2. Department of Education, National Kaohsiung Normal University, Kaohsiung

3. Division of Occupational Therapy, Department of Physical Medicine and Rehabilitation, National Taiwan University Hospital, Taipei

4. Department of Occupational Therapy, College of Medicine, I-Shou University, Kaohsiung

5. Department of Psychology, National Taiwan University, Taipei, Taiwan

Abstract

This study examined the relative and absolute reliability of the Taiwanese version of the MoCA (MoCA-T) in people with stroke. The study recruited 114 individuals who were at least 3 months after the onset of a first-ever unilateral stroke.

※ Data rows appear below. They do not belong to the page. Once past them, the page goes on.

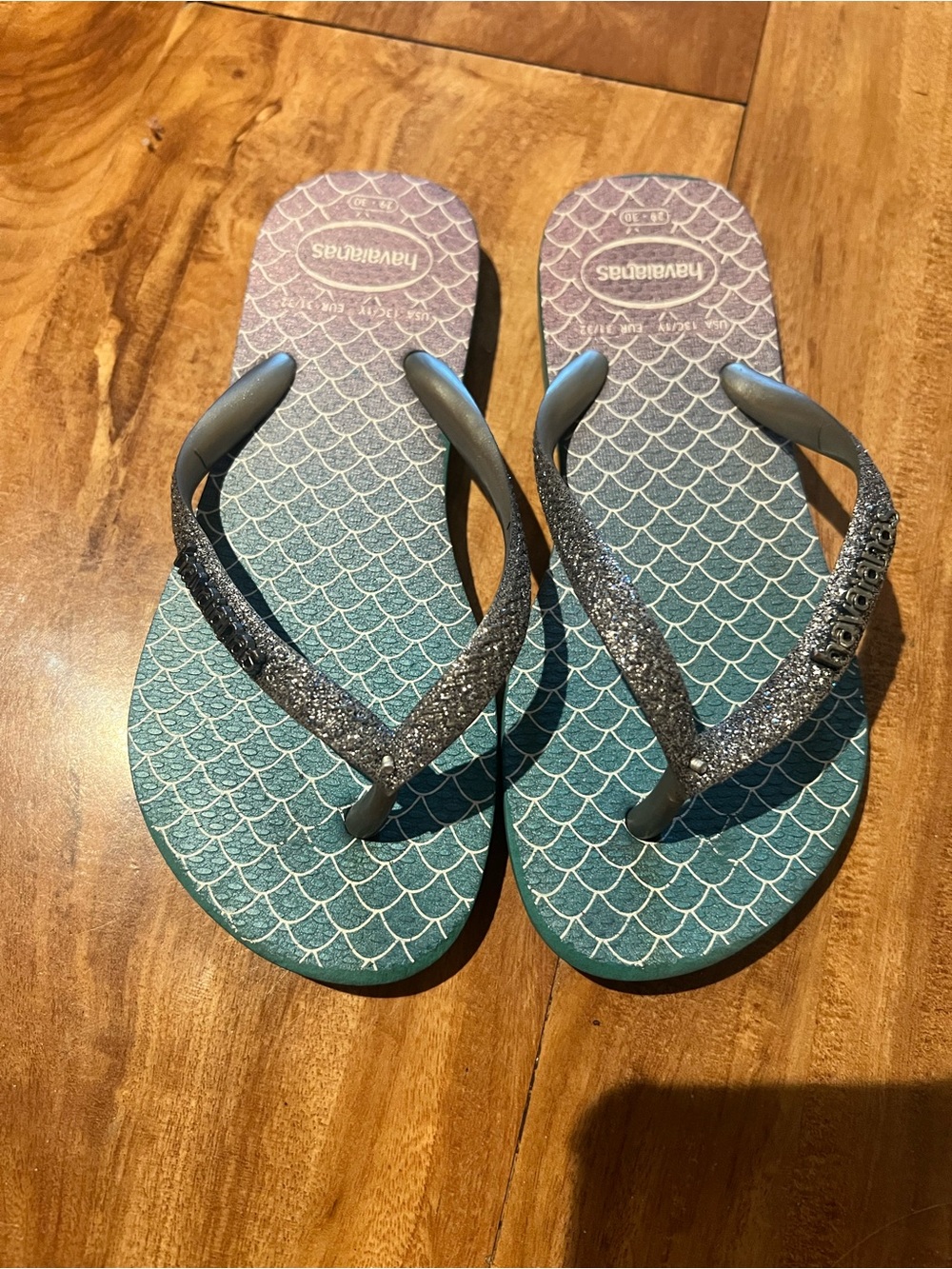 Havaianas Glitter Strap Flip Flops - Teal to Purple Ombre Scale Print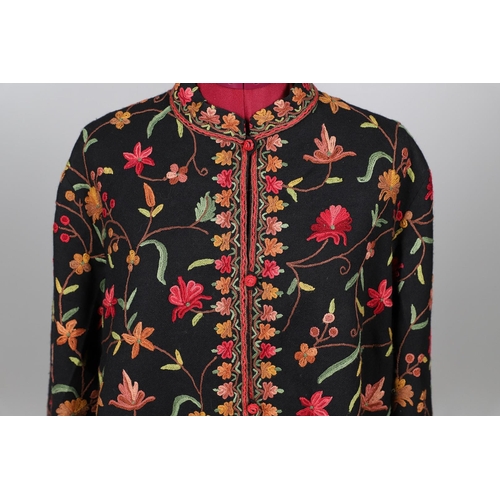 577 - LATE 19THC PAISLEY SHAWL & VARIOUS TEXTILES. A late 19thc Paisley wool shawl, some damages to the ed... 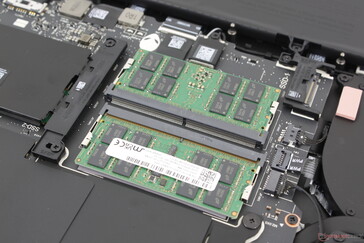 Emplacements accessibles pour 2x DDR5 SODIMM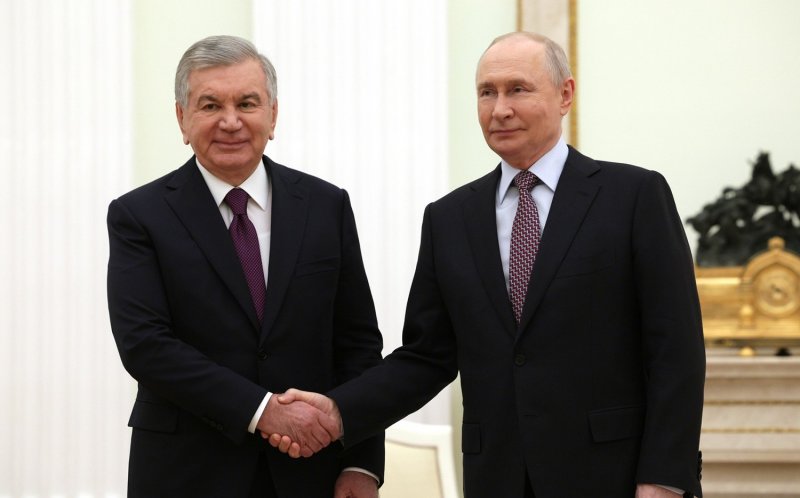 Путин и Мирзиеев неформально пообщались в Бишкеке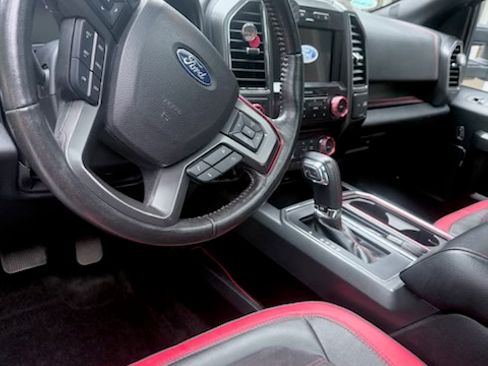 Used 2017 Ford F150 Lariat AWD/4WD image 10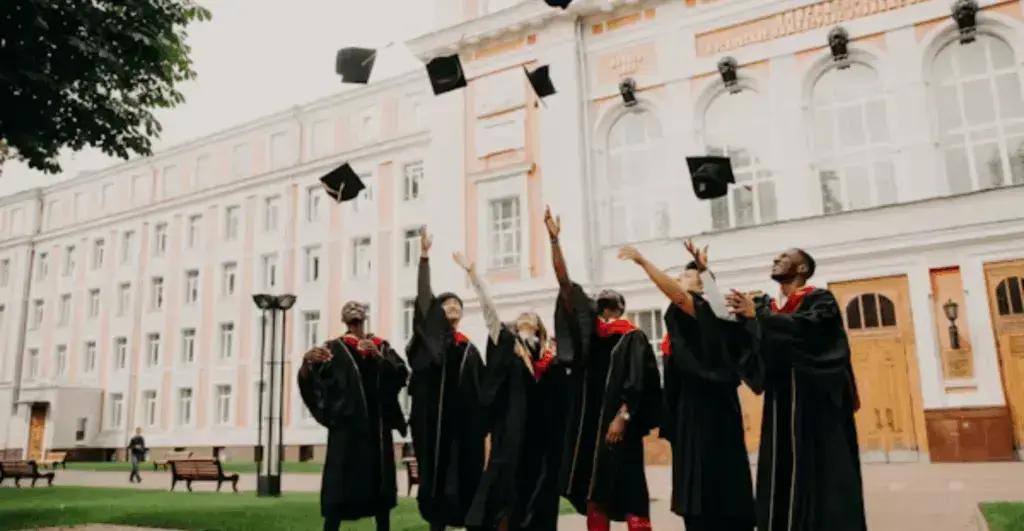 Universidade La Salle e Saber em Rede ampliam parceria para captação de alunos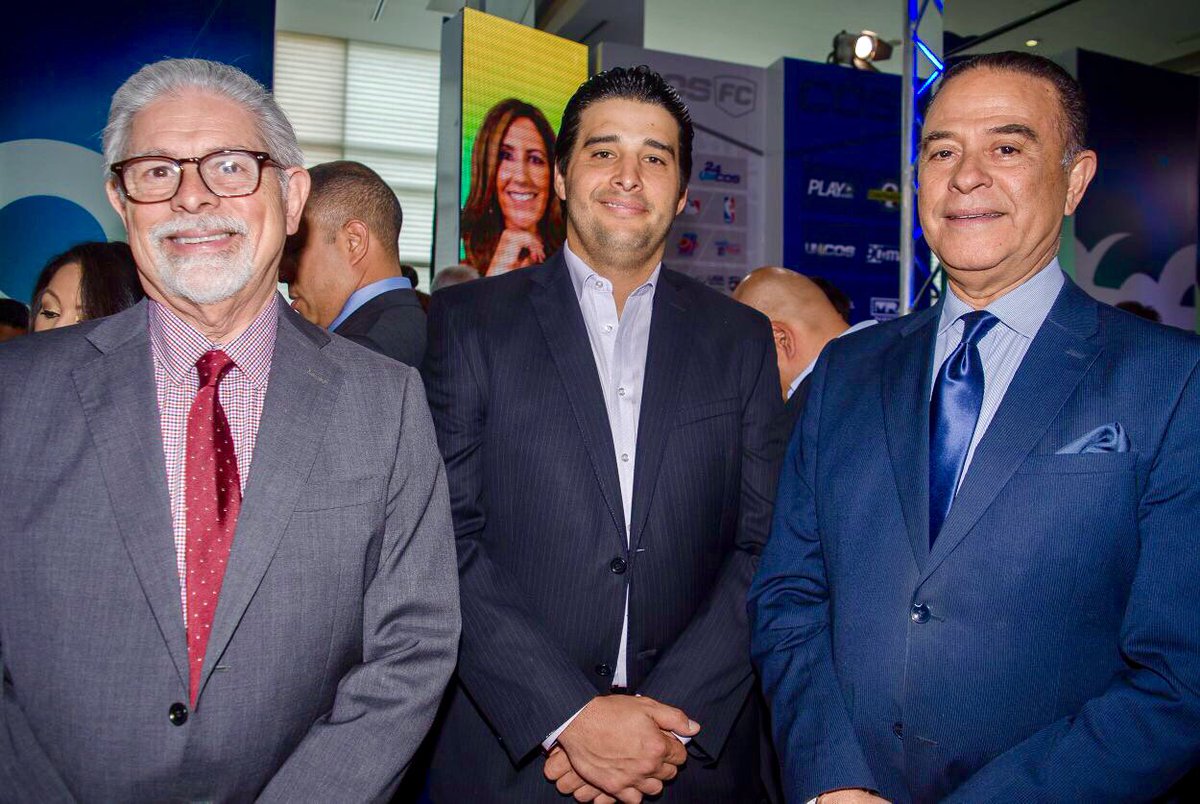 BBMMullenLowe's tweet photo. #LoQueNosUne es el entretenimiento e innovación, pasamos una excelente mañana con los amigos de #MedcomCable con todo lo que traen en 2018 https://t.co/XhisdD4GYB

The MoCA-T was administered twice, at a 6-week interval, to all participants. The relative reliability was assessed using the intraclass correlation coefficient (ICC), and the absolute reliability was assessed using standard error of measurement (SEM), the smallest real difference (SRD), the SRD percentage, and the Bland-Altman method. The ICC analysis showed the MoCA-T was highly reliable (ICC = 0.85). The absolute reliability was between an acceptable and excellent level, where the SEM and the SRD at the 95% confidence interval were 1.38 and 3.83, respectively. The Bland-Altman analyses showed no systematic bias between repeated measurements. The range of the 95% limits of agreement was narrow, indicating a high level of stability over time. These findings suggest that the MoCA-T has high agreement between repeated measurements without systematic bias. The threshold to detect real change stands between an acceptable and excellent level. The MoCA-T is a reliable tool for cognitive screening in stroke rehabilitation.